Linz lehnt dagegen Streikmaßnahmen ab: "Ein kompletter Streik wäre kontraproduktiv: Wir müssen die Menschen auf unser Problem aufmerksam machen, aber wir dürfen sie nicht gegen uns in Stellung bringen." Sie könne zwar "den Aufruhr unter den Kollegen absolut nachvollziehen", aber "mit wem wollen Sie denn ins Gespräch kommen, wenn Sie die Apotheken schließen?", fragt Linz.
Unterdessen gestaltet sich die interne Abstimmung in der Bundesregierung weiterhin wegen des Widerstandes des Bundesfinanzministeriums (BMF) schwierig. Ein für letzten Freitag angesetztes Gespräch auf Staatssekretärebene wurde kurzfristig vom Bundeswirtschaftsministerium abgesagt, weil das BMF keinen Staatssekretär, sondern "nur" einen Abteilungsleiter ohne Prokura schicken wollte. Damit zieht sich das Verfahren der Ressortabstimmung in diese Woche.
LAV-Chef Becker begründete den Streikaufruf damit, dass die beteiligten Ministerien trotz solider Datenlage und trotz intensiver Gesprächsführung keinen akzeptablen Entwurf für eine auskömmliche Honorierung vorgelegt hätten. Der Verband fordere gemeinsam mit der ABDA für die etwa 21.300 selbstständigen Apothekerinnen und Apotheker mit ihren rund 148.000 Mitarbeitern eine Honorarerhöhung von etwa einem Euro pro verordnetem Arzneimittel.
Becker erklärte, die Zeit für eine deutliche Honorarerhöhung der Apotheken sei längst überfällig: "Was wir zur Erfüllung unseres Sicherstellungsauftrags brauchen, das muss uns das System auch zugestehen. Ein Angebot, mit dem nach über acht Jahren nicht einmal die Inflation ausgeglichen wird, ist für uns definitiv nicht akzeptabel." Becker forderte die beteiligten Ministerien auf, den derzeitigen Entwurf schnell nachzubessern. "Wir drehen hier keine rhetorischen Schleifen. Nun ist Zeit, Farbe zu bekennen, ob die Politik die ortsnahe Apotheke will oder nicht", so Becker mit Blick auf die anhaltende Welle von Apothekenschließungen in Deutschland.
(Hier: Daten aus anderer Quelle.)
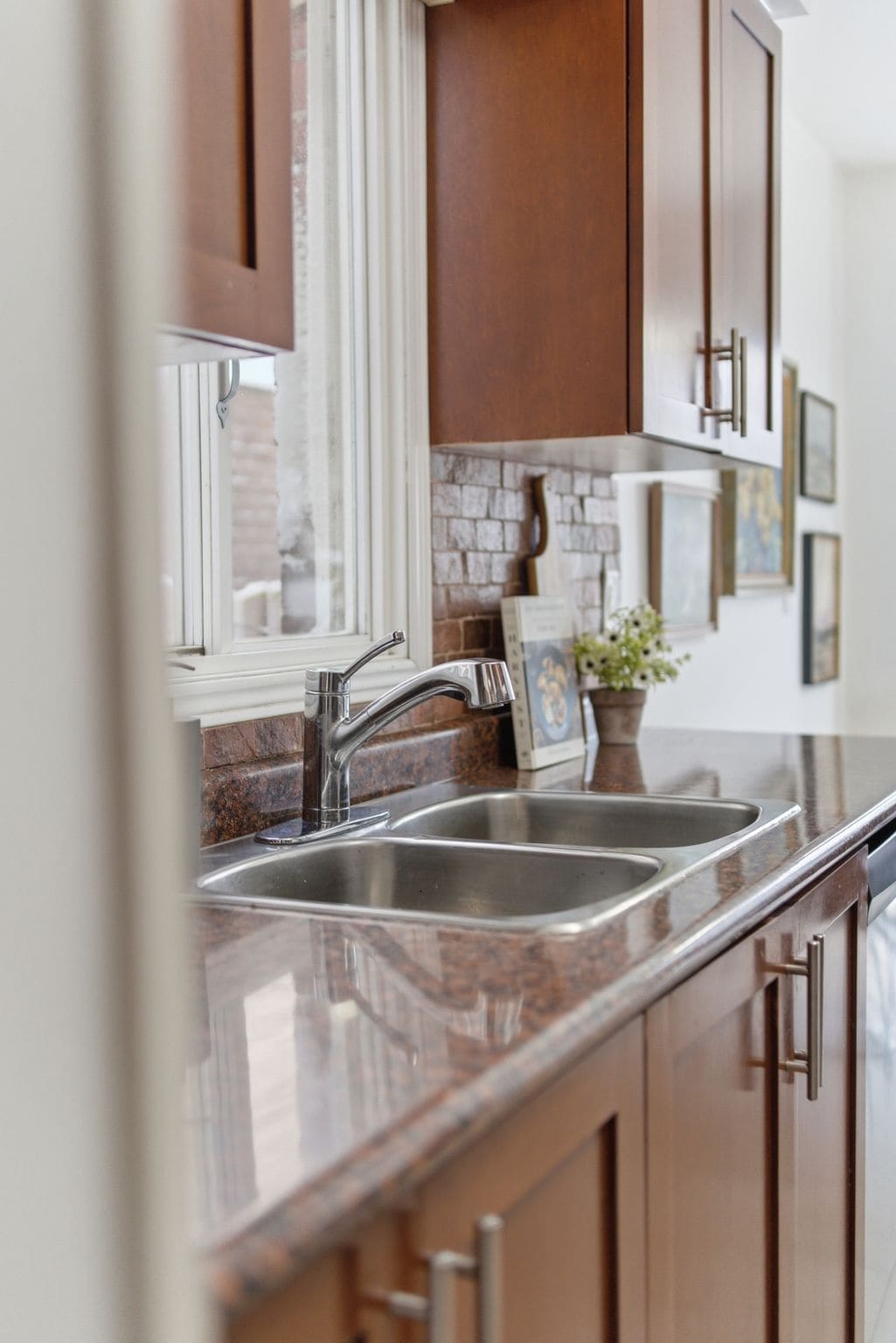13 Rollo Dr laura mcbride Ajax realtor revel realty sink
Hessen fragt Streikbereitschaft ab
Wie es um die Streikbereitschaft der Apotheker tatsächlich bestellt ist, wollen Kammer und Verband in Hessen genau wissen. Sie haben an alle Apothekenleiter des Landes einen Fragebogen verschickt. Bis Mittwoch sollen die "Lieben Kolleginnen und Kollegen" antworten, ob sie bereit zu Kampfmaßnahmen sind: "Wir möchten von Ihnen wissen, ob bzw. welche Maßnahmen je nach Ausgang der Verhandlungen aus Ihrer Sicht ergriffen werden sollten. Nur wenn sich eine breite Mehrheit der hessischen Apotheker dazu bereit erklärt, entsprechende Aktivitäten zu unterstützen, ist es sinnvoll, diese ggf. auch vorzubereiten", schreiben Kammer und Verband. Auswählen können die Apotheker zwischen verschiedenen Optionen: Nur der Apothekenleiter macht einen Tag Dienst, einen Tag nur Dienst durch die Notdienstklappe, eine Großdemonstration an zentralem Ort oder eine Unterschriften-/Protestaktion bei den Kunden.
Abwarten will zunächst die Apothekengewerkschaft Adexa: Sie will sich Demonstrationen und anderen Maßnahmen anschließen, falls die laufenden Abfragen eine klare und breite Protestbereitschaft der Apothekenleiter ergeben. Darüber haben ABDA-Präsident Heinz-Günter Wolf und Adexa-Vorsitzende Barbara Neusetzer bei einem Gespräch am vergangenen Donnerstag Einvernehmen erzielt. "Unglücklich" ist Adexa allerdings, dass im Zusammenhang mit Protestmaßnahmen gegen die geplante Honorarerhöhung um 25 Cent der Begriff "Streik" verwendet wird. Der Begriff Streik sei für Tarifauseinandersetzungen zwischen Arbeitgebern und Arbeitnehmern reserviert und darum handele es sich hier nicht, hieß es.